# please explain this cut



## Plasmech (Jan 27, 2009)

In this video:

http://www.youtube.com/watch?v=17bY2uorrXg&feature=related

At the end he makes a cut that basically removes the bark from a branch under pressure. What is he doing here and why? Thanks!


----------



## forestryworks (Jan 27, 2009)

Plasmech said:


> In this video:
> 
> http://www.youtube.com/watch?v=17bY2uorrXg&feature=related
> 
> At the end he makes a cut that basically removes the bark from a branch under pressure. What is he doing here and why? Thanks!



it's basically a "kerf face" type deal. you can just backcut it (carefully) or do the cuts used to unload a springpole.

but mostly, learn to bore cut safely and learn to ream your cuts.


----------



## pdqdl (Jan 28, 2009)

Much like your signature, he is Armed with just enough information to be dangerous...to himself. 

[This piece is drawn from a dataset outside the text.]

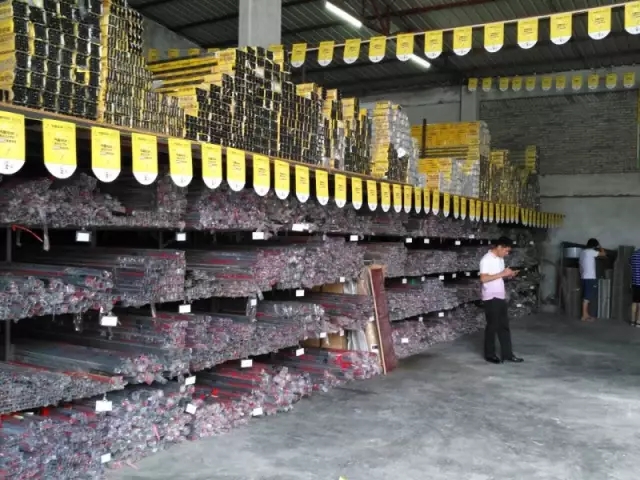 ��ҳ- �Ϲ�NG28�������ֹٷ���վ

He looks like a woodsman wanna-be throughout the video, although I have seen much worse. I pretty much thought that all his cuts were pointless and done the hard way, especially the silly one you referred to.


----------



## CRN Tree (Jan 28, 2009)

He's really not looking to be very production with all those cuts. He's really making things much hard then they are.


----------



## buzz sawyer (Jan 28, 2009)

I think he accomplished exactly what he set out to do - demonstrate some basic safe cutting techiniques. Maybe not high production, but safe for a homeowner who shouldn't be in a hurry. In the last cut, he was creating a hinge to control the direction as he released the pressure in the branch. Maybe overkill for the size of the branch but a safe cut and it could be used on larger ones.


----------



## pdqdl (Jan 29, 2009)

No. That was a terrible technique. 

The wide angle predisposes the cut to pinching and gives no advantage for safety, faster production, or ease of use. If he was promoting safety, he would have indicated the need to cut deeper on the compression side to avoid splitting. His hinge is non-existant, he only scraped off the bark and cambium. It is situations exactly like the one shown that are most likely to cause an injury from the "barber-chair" effect. The fact that the branch that he cut really didn't have any side-loading probably helped him finish the cut without problems.

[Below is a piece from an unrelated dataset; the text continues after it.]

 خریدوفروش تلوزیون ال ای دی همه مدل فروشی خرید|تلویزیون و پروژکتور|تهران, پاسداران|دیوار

No mention of where to stand to avoid injury. No mention of removing wood closer to the area where it was hung up.

His first demonstrated technique for cutting wood was just dumb. Why cut a notch in the compression side of horizontal wood? Top cut to short of pinching depth, then finish from the bottom up. In the video, the idiot didn't even finish the cut. Why? ...'cause he would have pinched the bar. If it had been a simple top cut, the wood would have pinched at the top, and held the gap open at the bottom. 

The second technique he showed was just stupid. He does not explain what he is trying to accomplish with the offset cut, nor does he give any real advice on how to use that technique. He just cuts an offset, and then doesn't finish the cut!

He is a dumb cutter, and he needs to watch some videos of folks that really know how to do the work. His specialty is making videos, not running a chainsaw.


----------



## TreeTopKid (Jan 29, 2009)

He was one of those diversification farmers. Maybe he should open a craft shop instead!


----------



## RedlineIt (Jan 29, 2009)

Plasmech,

As mentioned, he's trying to demonstrate a style of a relief cut on the compression side of a branch that is theoretically under tension, that is to say, imagine that when that tree fell, the skinny end of the branch got pushed up hard against the trunk of another tree out of camera view. (Unfortunately, his chosen example is a poor one, it's not tensioned that badly, but imagine that it is.)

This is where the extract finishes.